2020-07-01

Dev Blog 22 - Run, Run, Run, As Fast As You Can

Hello! I am writing this to you from Mars, because everything on Earth was making me mad, so I left. Technically, I uploaded this post 7 minutes ago, - it just took a while to get to you.

Thankfully, even though the latency is several minutes from Earth to Mars, I’m still able to play against others in one of my favourite games of all time, Super Smash Bros. Melee, thanks to Project Slippi somehow adding online play with rollback.

I wonder if some kind of rollback netcode would make online multiplayer with Rolled Out more consistent? Probably not. But maybe. No it won’t. Yes it will ❤

Let’s get into the update.

Seesaws are done!!!

ComplexPlane worked his magic again, and we’ve finally got a brand new mechanic in game, up and running.

As usual, our art bloc:

bg1

bg2

Updated character animations!

snowcone run

morris medium walk comparison

Look at Morris’s brand new swagger on the left.

Following that, we have a few blurbs from ComplexPlane and CraftedCart.

Seesaws: Slightly Less Obvious Than You Might Imagine, But Still Pretty Straightforward

Hey everyone! I’m back to working on Rolled Out again this summer after taking a half-year or so off for school-related stuff. I previously worked on rebuilding our collision physics system, and I’m now working on implementing new mechanics for the game! For this post, I’ll try to keep it short and sweet and talk a bit about seesaws, a game mechanic which I recently implemented.

Seesaws: you know them and love them. You’ve know what they’re like from IRL experience as a kid, and have probably seen them in other marble-rolling or platforming games as well. In Rolled Out, we create a seesaw by declaring that some otherwise-normal triangle mesh is a seesaw, and giving it an axis to rotate about. Seesaws are special from a physics perspective because the ball affects their motion and their motion affects the ball. When the ball touches a trimesh we’ve decided is a seesaw, we want the ball’s distance from the seesaw axis, as well as the ball’s velocity against the seesaw, to affect how fast the seesaw is rotating (its angular velocity). A rotating seesaw should also affect the ball: when it collides with the ball, the ball should react as if any other animated trimesh collided with it. Seesaws also affect their own animation: a seesaw’s springiness controls how much it tries to reset to a neutral angle, and its friction limits how fast it can rotate about its axis in general.

Simulating Seesaw Motion

When computing a seesaw’s motion, we don’t care about certain properties that a “real” physical seesaw would have, such as its moment of inertia. Ultimately, we just need to decide how much to add or subtract to the seesaw’s angular velocity based on whichever criteria we decide looks realistic enough. As eluded to earlier, in this simple model there are three things which will affect a seesaw’s angular velocity: springiness, friction, and ball collision. The first two are very simple to compute. For springiness, multiply how much the seesaw is rotated compared to neutral by a per-seesaw springiness value, and add this to the seesaw’s angular velocity. Friction follows in a similar vein: multiply the seesaw’s velocity by a per-seesaw friction constant, and add this to the seesaw’s angular velocity. Adjusting the seesaw’s angular velocity based on collision with the ball takes a bit more math.

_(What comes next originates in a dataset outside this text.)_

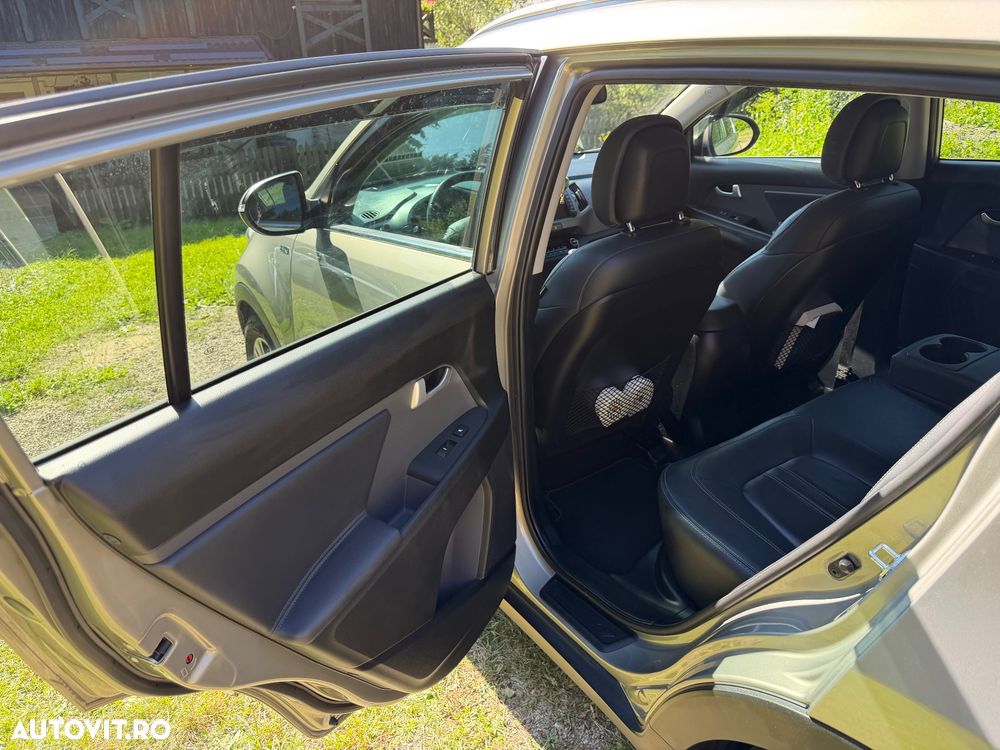 Kia Sportage 2.0 DSL HP 6MT 4x4 Style - 12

If we were simulating a real seesaw, we might think of the ball’s effect on the seesaw in terms of torque, which is related to how much force the ball applies to the seesaw. However, in this physics engine we’re not really concerned with modeling forces per-se, but rather just changes in velocity, and that goes for modeling the ball as well. So instead, we use the ball’s velocity relative to the seesaw as a gauge for how much “force” it is applying to the seesaw. You might be wondering though: if the ball is sitting motionless on a seesaw, how could a velocity of zero affect the seesaw? Great question. In the real world, a ball sitting on a seesaw would push the seesaw down due to the force of gravity; in the game, the ball will actually has a small velocity pointing downward before it touches the seesaw. The ball has this initial downward velocity as a direct result of simulating the force of gravity in the game.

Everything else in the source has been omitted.